Some weights of GPT2ForSequenceClassification were not initialized from the model checkpoint at gpt2 and are newly initialized: ['score.weight']
You should probably TRAIN this model on a down-stream task to be able to use it for predictions and inference.


In [18]:
for param in model.parameters():
    param.requires_grad = True

In [19]:
print(model)

GPT2ForSequenceClassification(
  (transformer): GPT2Model(
    (wte): Embedding(50257, 768)
    (wpe): Embedding(1024, 768)
    (drop): Dropout(p=0.1, inplace=False)
    (h): ModuleList(
      (0-11): 12 x GPT2Block(
        (ln_1): LayerNorm((768,), eps=1e-05, elementwise_affine=True)
        (attn): GPT2SdpaAttention(
          (c_attn): Conv1D(nf=2304, nx=768)
          (c_proj): Conv1D(nf=768, nx=768)
          (attn_dropout): Dropout(p=0.1, inplace=False)
          (resid_dropout): Dropout(p=0.1, inplace=False)
        )
        (ln_2): LayerNorm((768,), eps=1e-05, elementwise_affine=True)
        (mlp): GPT2MLP(
          (c_fc): Conv1D(nf=3072, nx=768)
          (c_proj): Conv1D(nf=768, nx=3072)
          (act): NewGELUActivation()
          (dropout): Dropout(p=0.1, inplace=False)
        )
      )
    )
    (ln_f): LayerNorm((768,), eps=1e-05, elementwise_affine=True)
  )
  (score): Linear(in_features=768, out_features=2, bias=False)
)


### Evaluating the model

In [20]:
model.score

Linear(in_features=768, out_features=2, bias=False)

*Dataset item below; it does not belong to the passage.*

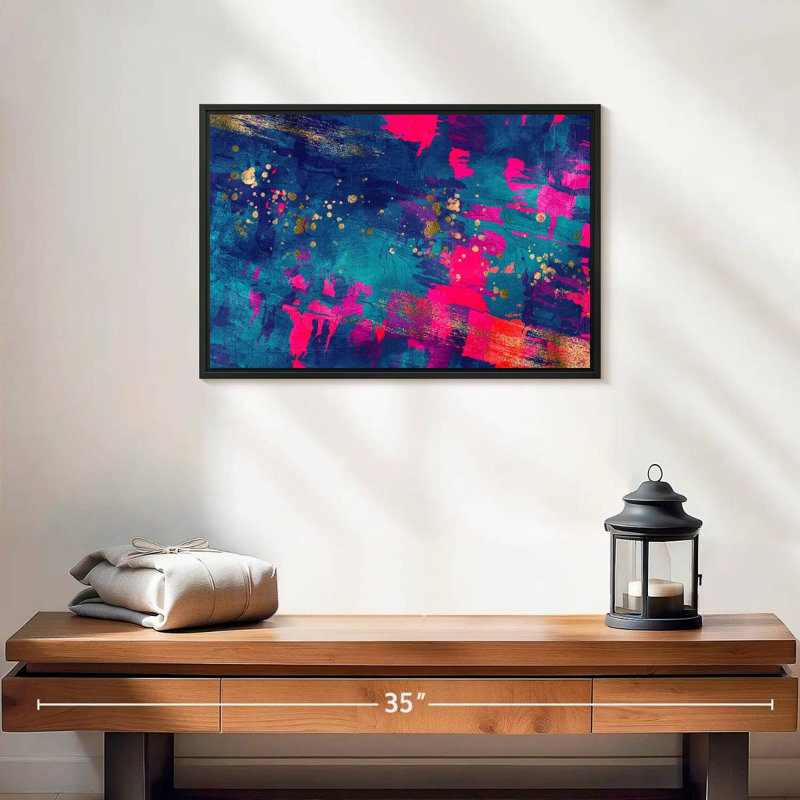 Avery Blue Magenta Abstract, 13" H x 19" W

## Performing Parameter-Efficient Fine-Tuning

TODO: In the cells below, create a PEFT model from your loaded model, run a training loop, and save the PEFT model weights.

## Performing Inference with a PEFT Model

TODO: In the cells below, load the saved PEFT model weights and evaluate the performance of the trained PEFT model. Be sure to compare the results to the results from prior to fine-tuning.